Beeping Network (BN) is a popular graph-based model of wireless computation, which applies the OR operation to one-bit messages sent simultaneously by neighbors. It admits fast (polylogarithmic in the number of nodes n) randomized solutions to many graph problems, but all known deterministic algorithms for non-trivial graph problems are at least polynomial in the maximum node degree Δ.
We improve known results for deterministic algorithms by showing that this polynomial can be as low as Õ(Δ²). More precisely, we show how to simulate a single round of any CONGEST algorithm in any network in O(Δ² polylog n) beeping rounds, each accommodating at most one beep per node, even if the nodes intend to send different messages to different neighbors.

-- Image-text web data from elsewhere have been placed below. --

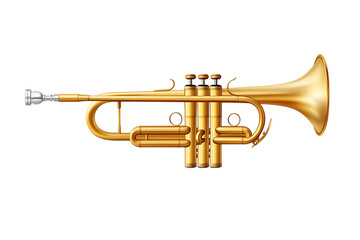 Obraz premium Golden Trumpet on Transparent Background, High-Quality Musical Instrument for Professional Use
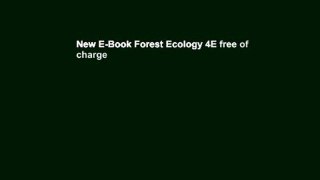 New E-Book Forest Ecology 4E free of charge
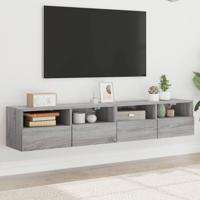 Tv-wandmeubels 2 st 80x30x30 cm bewerkt hout grijs sonoma eiken - thumbnail
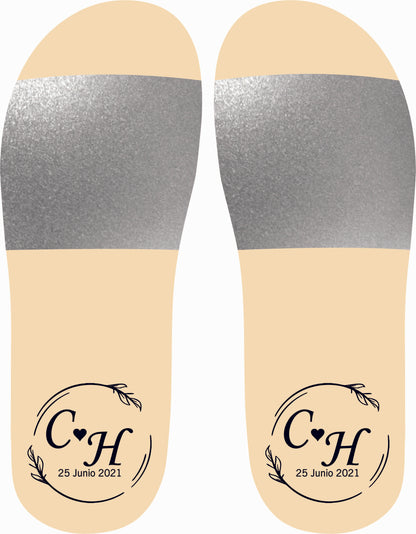 Chancleta para boda - Mod.18 Hojitas Corazón 💍 | Festiboda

This upper bound reduces polynomially the time for a deterministic simulation of CONGEST in a Beeping Network, comparing to the best known algorithms, and nearly matches the time obtained recently using randomization (up to a poly-logarithmic factor) as well as the lower bound. Specifically, any algorithm designed for the CONGEST networks can be run in BNs with O(Δ² polylog n) multiplicative overhead, e.g., we can now deterministically compute an MIS in any BN in O(Δ² polylog n) beeping rounds, improving the previous best Θ(Δ³)-round solution. For h-hop simulations, we prove a lower bound Ω(Δ^{h+1}), and we design a nearly matching algorithm that is able to "pipeline" the node-to-node information in a faster way than beeping layer-by-layer.

Cite As Get BibTex

Pawel Garncarek, Dariusz R. Kowalski, Shay Kutten, and Miguel A. Mosteiro. Beeping Deterministic CONGEST Algorithms in Graphs. In 33rd Annual European Symposium on Algorithms (ESA 2025). Leibniz International Proceedings in Informatics (LIPIcs), Volume 351, pp. 20:1-20:17, Schloss Dagstuhl – Leibniz-Zentrum für Informatik (2025) https://doi.org/10.4230/LIPIcs.ESA.2025.20

Author Details

Pawel Garncarek
  • Institute of Computer Science, University of Wroclaw, Poland
Dariusz R. Kowalski
  • School of Computer & Cyber Sciences, Augusta University, GA, USA
Shay Kutten
  • Department of Data and Decision Sciences, Technion, Haifa, Israel
  • The Grand Technion Energy Program, Haifa, Israel
Miguel A. Mosteiro
  • Pace University, Computer Science Department, New York, NY, USA

Funding

  • Garncarek, Pawel: Supported by the National Science Center, Poland (NCN), grant 2020/39/B/ST6/03288.
  • Kutten, Shay: The work of this author was funded in part by grant 1346/22 from the Israeli Science Foundation. His research was carried out within the framework of the Grand Technion Energy Program (GTEP). A part of this work was done while with Fraunhofer SIT Darmstadt.
  • Mosteiro, Miguel A.: Partially supported by Pace SRC grant and Kenan Fund.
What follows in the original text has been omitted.